What I like about the study was that it had some actual findings. One person in the group commented that people who don't make a living listening for other people's unconscious conflict would be shocked that there were any findings at all.

What I didn't like about the study was a lot of the methodology, and what the authors extrapolated from the findings.

The guy who ran the group is a neurologist, and he pointed out some problems that I would never have been aware of, since I'm not a neurologist. First, alpha rhythms are typically measured with closed eyes. In this study, of necessity, they were measured with open eyes. Second, alpha rhythms are typically thought to represent arousal, while the authors were using them as a marker of inhibition. Third, the authors didn't look at any other rhythms on EEG.

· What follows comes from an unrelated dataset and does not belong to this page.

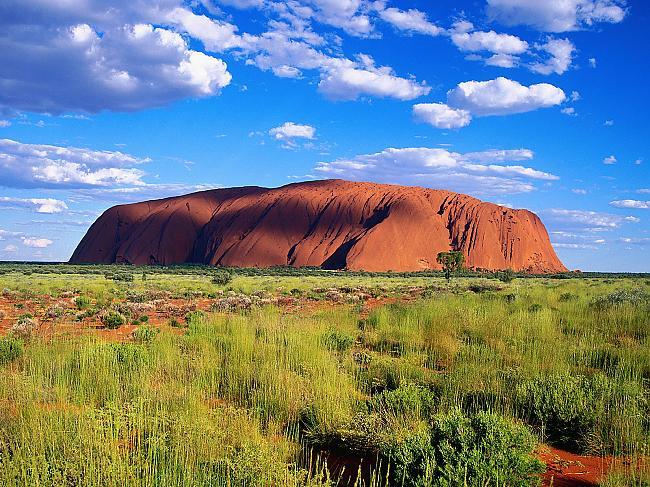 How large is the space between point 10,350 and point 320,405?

My methodological difficulty has to do with the choice of unconscious conflict words. Each point on the graph above represents a subject, so there's some kind of average or composite of the alpha power generated. There's no raw data to indicate what the alpha power was for each word. So suppose 1 of the 7 words generated very high alpha power, for a given subject, but the other 6 didn't generate much. You could still end up with the same graph, but you wouldn't be able to tell if the 6 "wrong" words were off because they weren't related to unconscious conflict, or if those 6 WERE related to unconscious conflict, but what you were measuring was something else. Since the purpose of the study was to demonstrate the unconscious conflict involved in social phobia, and since a lot of people probably don't believe the symptoms of social phobia are generated by unconscious conflict, to begin with, this matters.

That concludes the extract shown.